Серхио, молча слушавший этот непонятный ему диалог, нахмурил брови и слегка, как будто случайно, коснулся плечом плеча Сесара. Похоже, он почувствовал себя лишним, и антиквар добродушно улыбнулся ему.
— Мы говорим о вещах, слишком мрачных для тебя, милый. — Он провел указательным пальцем по косточкам пальцев Хулии, приподнял руку, словно колеблясь между двумя своими привязанностями, но в конце концов опустил ее на руку девушки. — Пребывай в невинности, мой белокурый друг. Развивай свой талант и не осложняй себе жизнь.
Он чмокнул губами, посылая Серхио воздушный поцелуй, и в этот момент в другом конце коридора появилась Менчу — норковый мех и длинные ноги — в сопровождении Макса. Первым делом она потребовала отчета о встрече с Монтегрифо.
— Вот свинья! — воскликнула она, когда Хулия окончила свой рассказ. — Завтра же я поговорю с доном Мануэлем. Надо переходить в контрнаступление.

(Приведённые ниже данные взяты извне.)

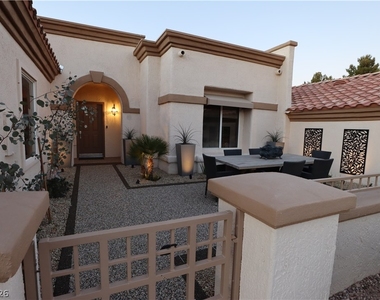 2913 Vista Butte Drive - Photo Thumbnail 3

Серхио помрачнел и съежился под потоком слов, без малейшей паузы изливавшихся из уст Менчу. От Монтегрифо она перешла к ван Гюйсу, от ван Гюйса — к разного рода общим местам, а от них — ко второму и третьему бокалу, которые держала уже куда менее твердой рукой. Макс, сидя рядом с ней, молча курил: смуглый, классно упакованный, уверенный в себе жеребец. Сесар с отрешенной улыбкой время от времени подносил к губам свой стакан джина с лимоном и потом промокал их платочком, извлекаемым из верхнего кармана пиджака. Иногда он помаргивал глазами, точно возвратившись откуда-то издалека, и, наклоняясь к Хулии, рассеянно поглаживал ее руку.

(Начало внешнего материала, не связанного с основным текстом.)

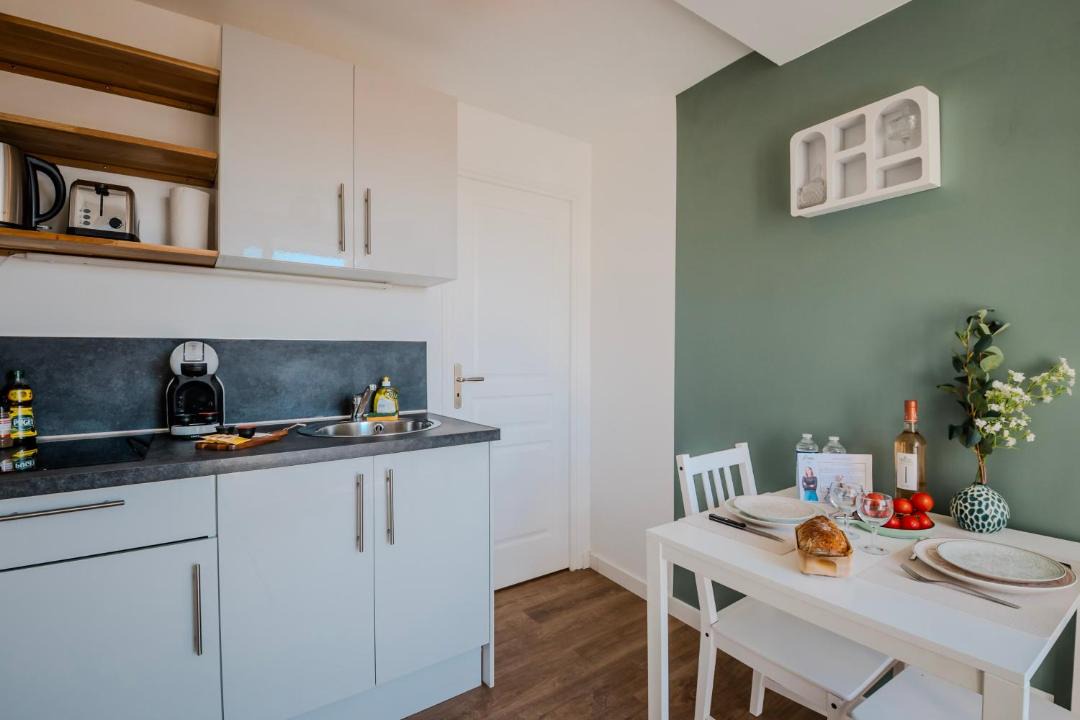 Photo of Kitchen in Saint-Jean Eudes Saint-Gilles
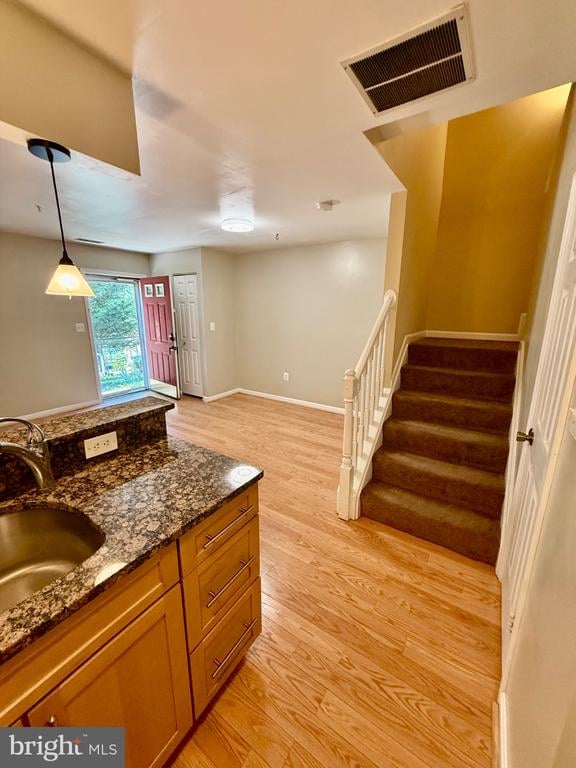 6235 Sandpiper Ct SW #2, Elkridge, MD 21075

— В этом деле, — говорила Менчу Серхио, — есть два сорта людей, дорогуша: те, кто рисует, и те, кто получает деньги… И очень редко бывает, чтобы один и тот же человек и рисовал, и получал деньги… — Она испускала долгие вздохи, разнеженная близостью столь юного создания. — А вы, молодые художники, такие беленькие, такие лапочки… — Она метнула на Сесара ядовитый взгляд. — Такие аппетитные.
Сесар счел нужным медленно возвратиться из своих дальних далей.
— Не слушай, мой юный друг, этих голосов, отравляющих твой золотой дух, — мрачно произнес он, как будто не совет давал Серхио, а выражал соболезнования. — Эта женщина говорит змеиным языком, как и все они… — Он взглянул на Хулию, взял ее руку и, поднося ее к губам, поправился: — Прошу прощения. Как почти все они.
— Смотрите-ка, кто у нас заговорил! — Менчу скривила губы. — Наш личный Софокл. Или Сенека?.. Я имею в виду того, который лапал молоденьких мальчиков, в промежутках попивая цикуту.
Сесар посмотрел на Менчу, сделал паузу, позволяющую вернуться к прерванной теме, и, откинувшись головой на спинку дивана, театрально закрыл глаза.